The mortality during the follow-up was very high in our series (over 65% in both groups), possibly because the patients who started HEN presented serious diseases that influenced their short- and medium-term prognosis. Our mortality rates are slightly higher than those of the NADYA register for 2016–2017, where 51.1% died and only 17.0% reverted to the oral route, although this difference could probably be explained by the greater length of our follow-up period.
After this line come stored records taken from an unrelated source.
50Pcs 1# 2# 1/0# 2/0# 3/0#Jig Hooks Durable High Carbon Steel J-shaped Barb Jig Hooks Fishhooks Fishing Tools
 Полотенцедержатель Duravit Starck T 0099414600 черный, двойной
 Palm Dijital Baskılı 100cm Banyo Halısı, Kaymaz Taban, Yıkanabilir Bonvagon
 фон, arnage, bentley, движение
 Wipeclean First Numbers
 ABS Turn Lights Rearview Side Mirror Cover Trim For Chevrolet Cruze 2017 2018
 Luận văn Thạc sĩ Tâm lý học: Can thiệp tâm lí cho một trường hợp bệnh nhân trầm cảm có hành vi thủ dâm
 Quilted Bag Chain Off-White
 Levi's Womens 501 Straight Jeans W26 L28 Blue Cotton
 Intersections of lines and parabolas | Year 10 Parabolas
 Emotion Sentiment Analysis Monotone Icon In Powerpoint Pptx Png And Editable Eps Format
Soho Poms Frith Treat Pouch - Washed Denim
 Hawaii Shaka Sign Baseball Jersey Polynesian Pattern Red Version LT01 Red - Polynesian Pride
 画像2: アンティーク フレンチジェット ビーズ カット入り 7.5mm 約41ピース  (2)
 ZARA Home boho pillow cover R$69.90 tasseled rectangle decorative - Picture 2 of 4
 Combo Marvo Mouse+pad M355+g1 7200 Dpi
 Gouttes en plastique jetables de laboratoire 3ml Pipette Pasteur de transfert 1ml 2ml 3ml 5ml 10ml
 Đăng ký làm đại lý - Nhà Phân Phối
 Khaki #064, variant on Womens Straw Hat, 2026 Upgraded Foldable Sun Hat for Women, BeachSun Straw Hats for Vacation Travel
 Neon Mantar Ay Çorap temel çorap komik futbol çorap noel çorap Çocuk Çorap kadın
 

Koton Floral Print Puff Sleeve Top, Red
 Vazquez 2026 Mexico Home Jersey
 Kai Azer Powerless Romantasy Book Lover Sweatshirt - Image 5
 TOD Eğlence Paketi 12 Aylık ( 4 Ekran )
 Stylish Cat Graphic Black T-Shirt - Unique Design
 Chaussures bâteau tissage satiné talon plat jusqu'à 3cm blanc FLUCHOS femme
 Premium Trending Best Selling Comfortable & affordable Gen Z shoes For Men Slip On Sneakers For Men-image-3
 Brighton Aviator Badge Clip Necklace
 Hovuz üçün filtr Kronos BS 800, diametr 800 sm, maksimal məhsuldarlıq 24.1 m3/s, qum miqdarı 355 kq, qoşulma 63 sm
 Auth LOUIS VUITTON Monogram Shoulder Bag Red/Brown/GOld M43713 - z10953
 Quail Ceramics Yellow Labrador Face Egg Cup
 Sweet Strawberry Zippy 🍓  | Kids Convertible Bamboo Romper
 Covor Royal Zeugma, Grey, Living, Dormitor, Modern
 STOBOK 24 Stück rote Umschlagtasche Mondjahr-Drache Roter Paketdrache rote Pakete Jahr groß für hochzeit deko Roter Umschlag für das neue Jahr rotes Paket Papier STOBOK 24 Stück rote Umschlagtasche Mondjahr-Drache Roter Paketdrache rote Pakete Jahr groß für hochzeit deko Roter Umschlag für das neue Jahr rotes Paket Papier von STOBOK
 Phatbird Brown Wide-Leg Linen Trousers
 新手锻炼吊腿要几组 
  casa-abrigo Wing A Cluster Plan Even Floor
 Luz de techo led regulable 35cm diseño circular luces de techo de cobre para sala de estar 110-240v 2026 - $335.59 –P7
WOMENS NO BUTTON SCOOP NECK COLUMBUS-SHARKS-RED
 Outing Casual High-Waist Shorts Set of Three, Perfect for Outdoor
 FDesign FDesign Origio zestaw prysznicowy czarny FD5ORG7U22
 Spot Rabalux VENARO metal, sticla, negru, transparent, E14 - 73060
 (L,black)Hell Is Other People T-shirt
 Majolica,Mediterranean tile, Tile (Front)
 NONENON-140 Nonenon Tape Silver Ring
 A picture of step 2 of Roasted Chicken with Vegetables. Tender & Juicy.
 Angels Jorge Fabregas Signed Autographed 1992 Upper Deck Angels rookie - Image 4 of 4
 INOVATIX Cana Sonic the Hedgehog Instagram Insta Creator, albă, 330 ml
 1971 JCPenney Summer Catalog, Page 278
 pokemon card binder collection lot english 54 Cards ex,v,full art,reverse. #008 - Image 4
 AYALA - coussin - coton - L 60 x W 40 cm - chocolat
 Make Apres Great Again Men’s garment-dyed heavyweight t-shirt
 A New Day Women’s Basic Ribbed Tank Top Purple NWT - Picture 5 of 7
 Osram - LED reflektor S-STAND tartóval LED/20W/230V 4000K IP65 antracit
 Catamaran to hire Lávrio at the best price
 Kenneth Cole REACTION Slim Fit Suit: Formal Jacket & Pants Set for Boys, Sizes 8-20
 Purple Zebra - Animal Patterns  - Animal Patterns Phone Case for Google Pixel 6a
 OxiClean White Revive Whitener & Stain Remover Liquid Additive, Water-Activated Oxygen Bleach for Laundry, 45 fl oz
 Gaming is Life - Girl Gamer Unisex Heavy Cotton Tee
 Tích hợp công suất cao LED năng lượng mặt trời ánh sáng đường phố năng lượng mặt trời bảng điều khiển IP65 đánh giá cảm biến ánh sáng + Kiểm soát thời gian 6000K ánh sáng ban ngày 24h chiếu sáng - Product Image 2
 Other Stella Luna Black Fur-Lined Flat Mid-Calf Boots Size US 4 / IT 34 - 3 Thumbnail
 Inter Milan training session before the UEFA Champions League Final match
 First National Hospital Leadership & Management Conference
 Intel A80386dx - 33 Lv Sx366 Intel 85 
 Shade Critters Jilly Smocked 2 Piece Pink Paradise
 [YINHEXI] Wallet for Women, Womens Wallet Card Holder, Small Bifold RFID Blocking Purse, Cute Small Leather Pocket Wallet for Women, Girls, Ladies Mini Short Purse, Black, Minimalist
Notable differences were evident, however, in the use of specific formulas. Most of the formulas used in the patients with diabetes were specific (85.7%), whereas they were mainly standard in the group without diabetes (88.6%). These findings contrast sharply with those of Vallumsetla et al, where no specific formulas were used,18 although they do concur with findings from Andalucía, where, back in 2007, 24% of all the specific formulas used were for diabetes or stress hyperglycemia.19

Although the use of specific enteral formulas for DM is not recommended in some guidelines, as there is considered to be a lack of sufficient evidence in their favor,28 other guidelines endorse them as a good alternative for patients receiving HEN,6,15,29 as they allow a short- to long-term improvement in the metabolic control (baseline, mean, and/or postprandial glycemia11 and, in some cases, HbA1c11 and insulin requirements13,14) in comparison with standard formulas (usually containing fiber). The benefits derived from specific formulas could also help reduce the associated health costs.9

Most of the patients with diabetes in our series received some type of antidiabetic treatment (84.1%), most often exclusively in oral form (47.6%), while 36.5% used insulin, either alone or in combination with oral treatment. Our results are somewhat different compared to those published by Vallumsetla et al., who reported 39.7% of their patients using oral antidiabetics exclusively and 34.5% using insulin. These discrepancies can be explained by the fact that their patients had higher HbA1c readings than those in our series.18

Metformin was the most widely used oral antidiabetic (54.0%). There are no specific guides recommending which antidiabetics, apart from insulin, should be used in patients receiving HEN, although the iSGLT2 and aGLP1 do not seem indicated, due to their shared effect on weight, as well as the risk of urinary infections in the former case and gastrointestinal complications in the latter. Moreover, the iDPP4 are not recommended, as insufficient data are available on their absorption after being crushed for tube feeding.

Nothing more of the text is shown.